Мне убираться пора, а я - странная штука - медлю, словно чего-то ожидаю.
Сам не понимаю, чего, однако медлю.
И вообразите - дождался. Входит кухарка, подает хозяину записку. А
меня как осенило: что-то, думаю, меня касающееся. Оно и точно, меня,
меня... И опять-таки странность: совсем вот недавно озлился на Михайлова, а
теперь будто от сердца отлегло, даже обрадовался...

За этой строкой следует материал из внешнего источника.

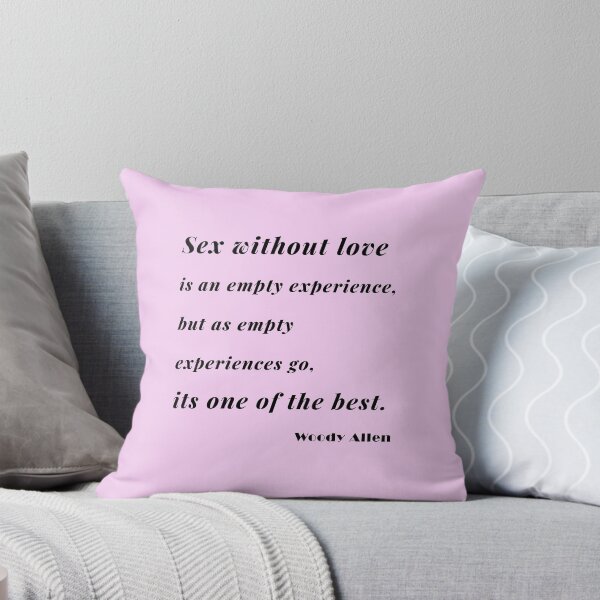 Item preview, Sex Without Love Quote Design 2 designed and sold by DigitalandPhoto.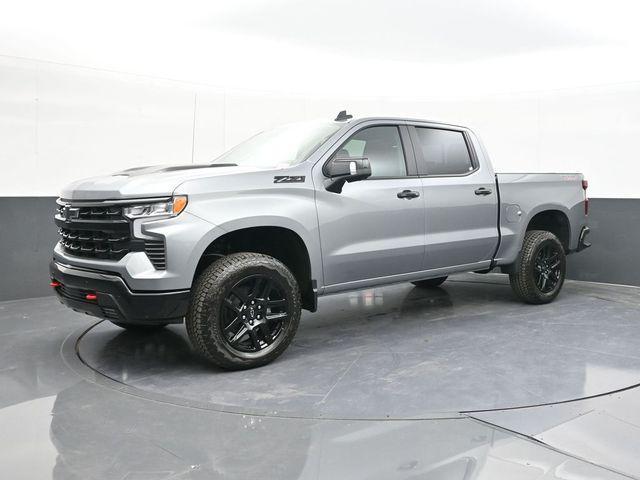 new 2026 Chevrolet Silverado 1500 car, priced at $63,179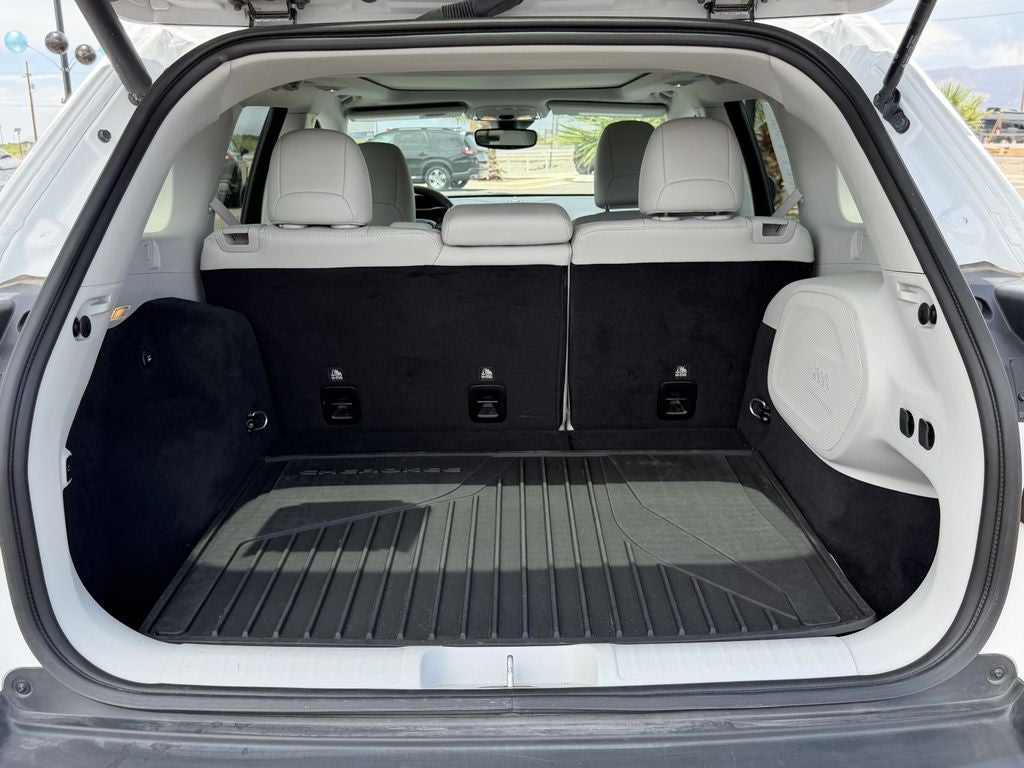 2021 Jeep Cherokee Limited 4x4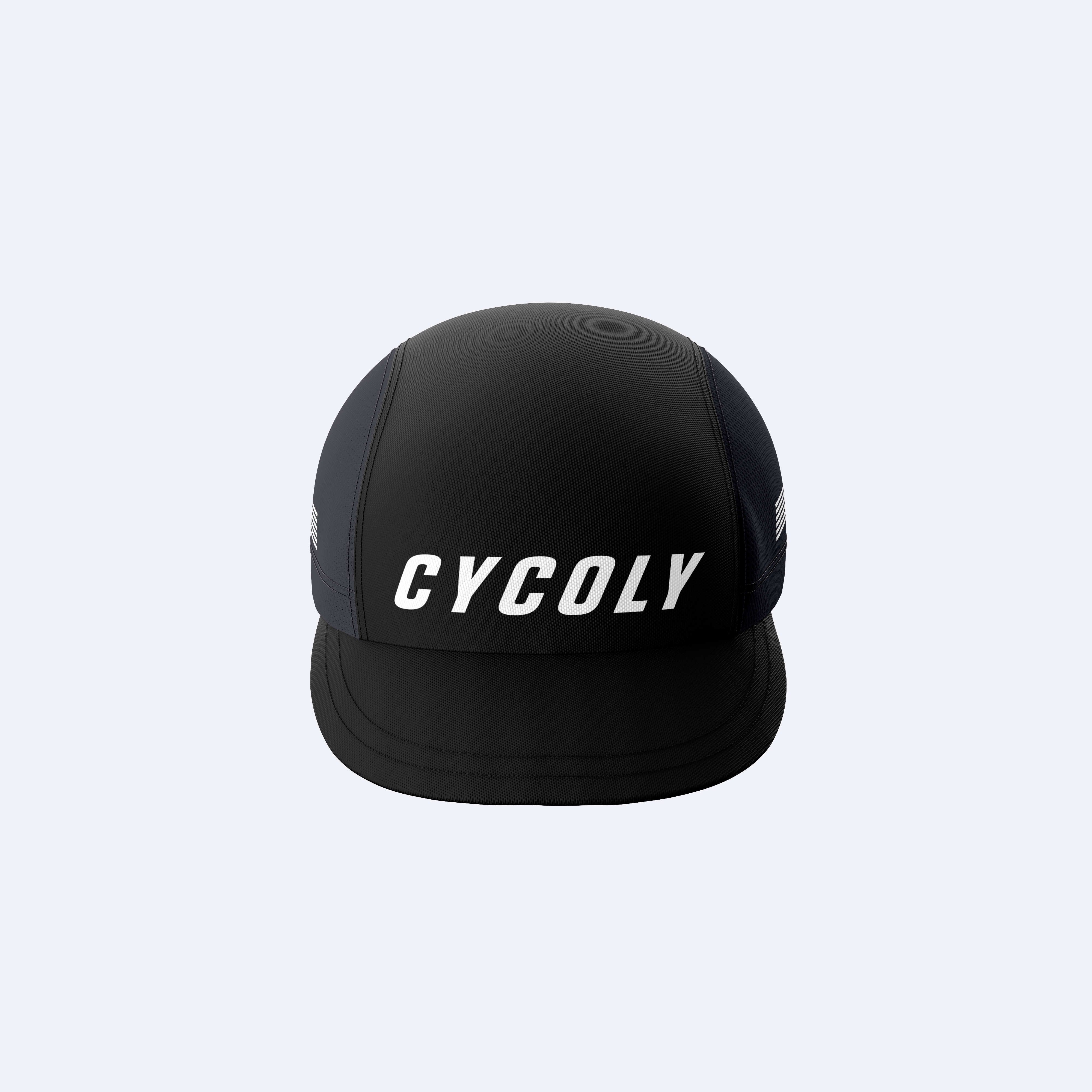 CYCOLY Cycling Cap – Black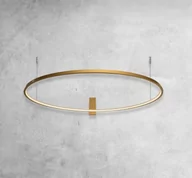 Lampy sufitowe - Shilo Agari LED 87 lampa sufitowa 1-punktowa 4000K 1345sh - miniaturka - grafika 1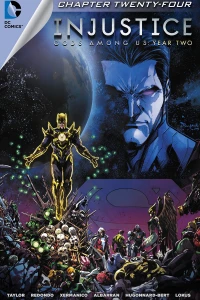 Chapter Twenty-Four: World's End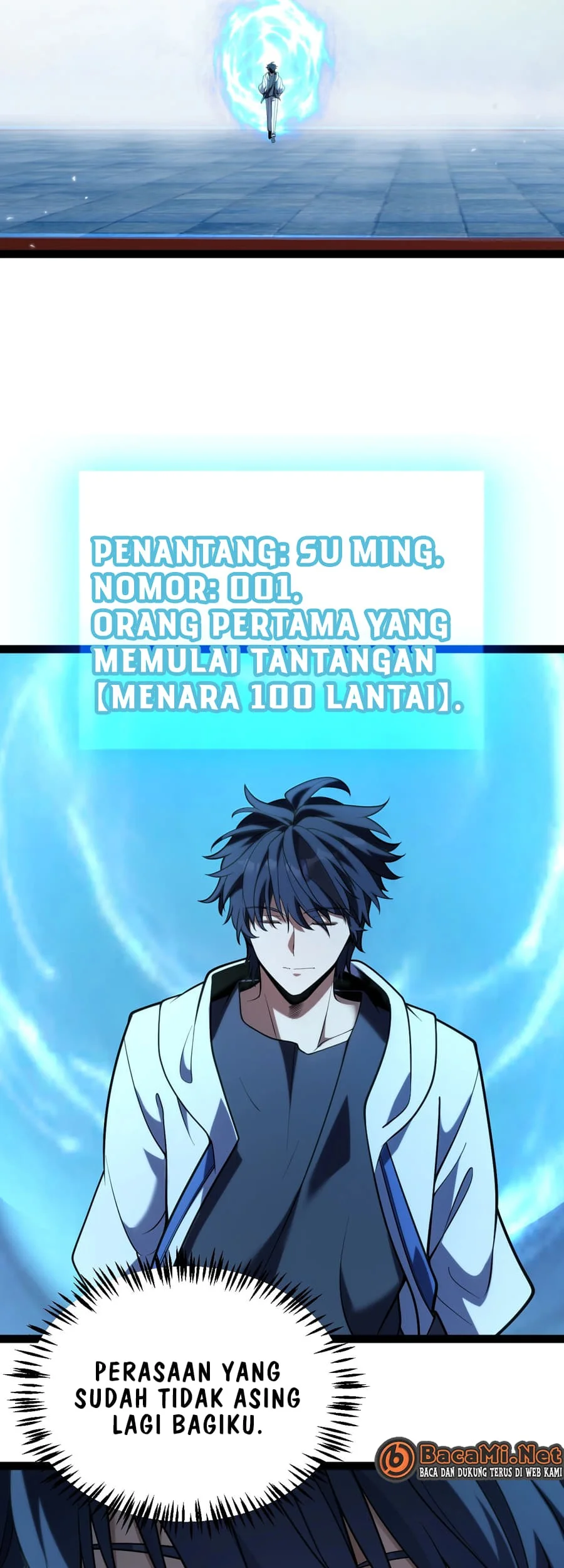 Starting with a Mythic Talent, I Cut Down Gods! Chapter 20 Gambar 26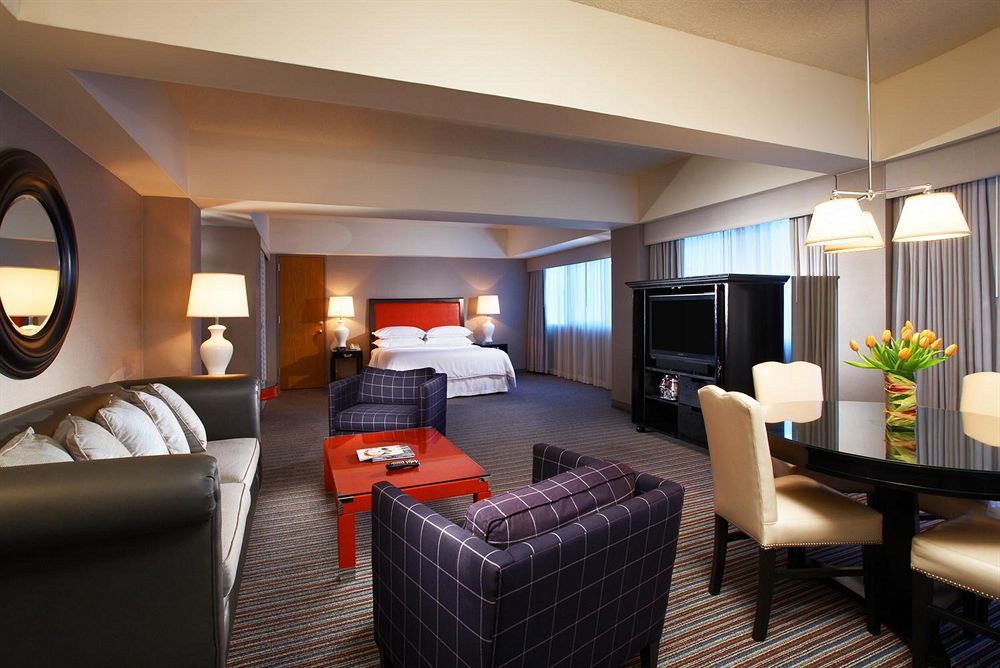 Sheraton Gateway Los Angeles Hotel фото 55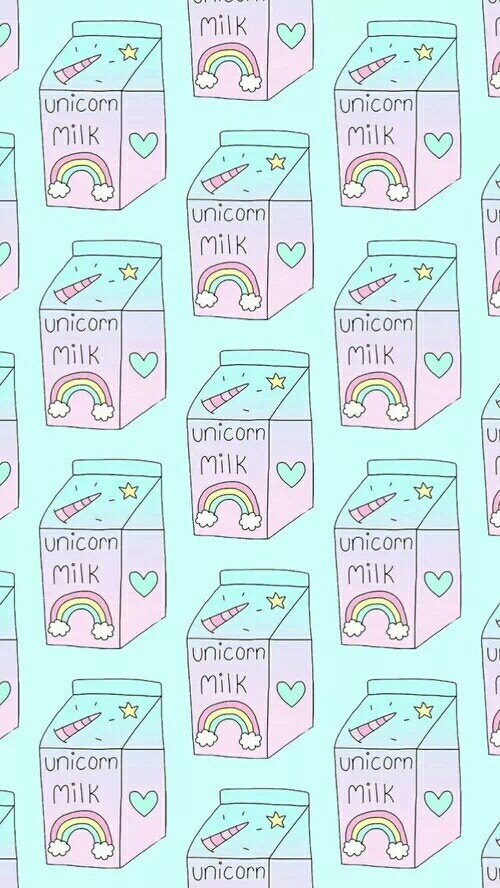 unicorn milk
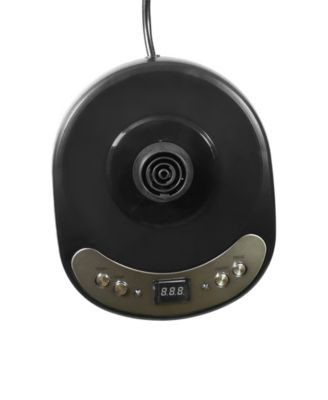 Aroa Premium Cordless Glass Electric Brew Kettle with Adjustable Temperature 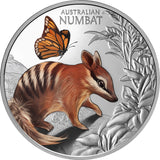 Niue 2025 $1 BABY NUMBAT 1oz  .999 Silver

Саратовский променад на Большой Сергиевской. Вернее, в Барыкинском
вокзале, купец Барыкин содержал: большой такой сад, аллеи, разноцветные
фонарики. Ну-с, оркестр, ресторация; там, сям беседки, террасы к Волге.
В барыкинский сад я и препожаловал на другой день, вечерком. Явился,
как на павловскую дачу Краевского, моего издателя, то есть в сюртуке и
черном галстуке. Саратовский бомонд зевал и шаркал. Пахло духами местного
разлива. И эдак еще прогрессом пованивало - дальней нефтью, слабой
окалиной.
Как было велено, двинулся боковой, нижней аллеей, по-над Волгой.
Смешно сказать, я чувствовал себя ужасным конспиратором, едва ль не
карбонарием.
Александр Дмитрич поджидал меня, как барышню, в беседке. Мы молча
быстро и крепко пожали друг другу руки. Гляжу на него: не затрапезен, как
давеча, но, однако, скромное скромного. Я в своем сюртуке и галстуке -
совершеннейший франт. Он огладил себя ладонями, пояснил, чуть улыбнувшись:
"Иначе нельзя. По нашей вере, Владимир Рафаилыч, "в каждой пестринке сидит
бесинка". Или еще так: "рубаха пестра - антихристова душа"".
"А-а, - сказал я не без некоторого удивления, - вон что: древлее
благочестие?" - и машинально предложил папиросу. Он не взял: "Опять нельзя.
Хозяйка строгая, в два счета табашника выставит".
Он осведомился, какими судьбами. Я ответил, не задавая встречного
вопроса. Он еще о чем-то, но рассеянно, из вежливости. Вышла пауза. Я
чувствовал, чего он ждет, но первым не хотел. Но только, если б он не
спросил, я обиделся бы, рассердился. И он спросил.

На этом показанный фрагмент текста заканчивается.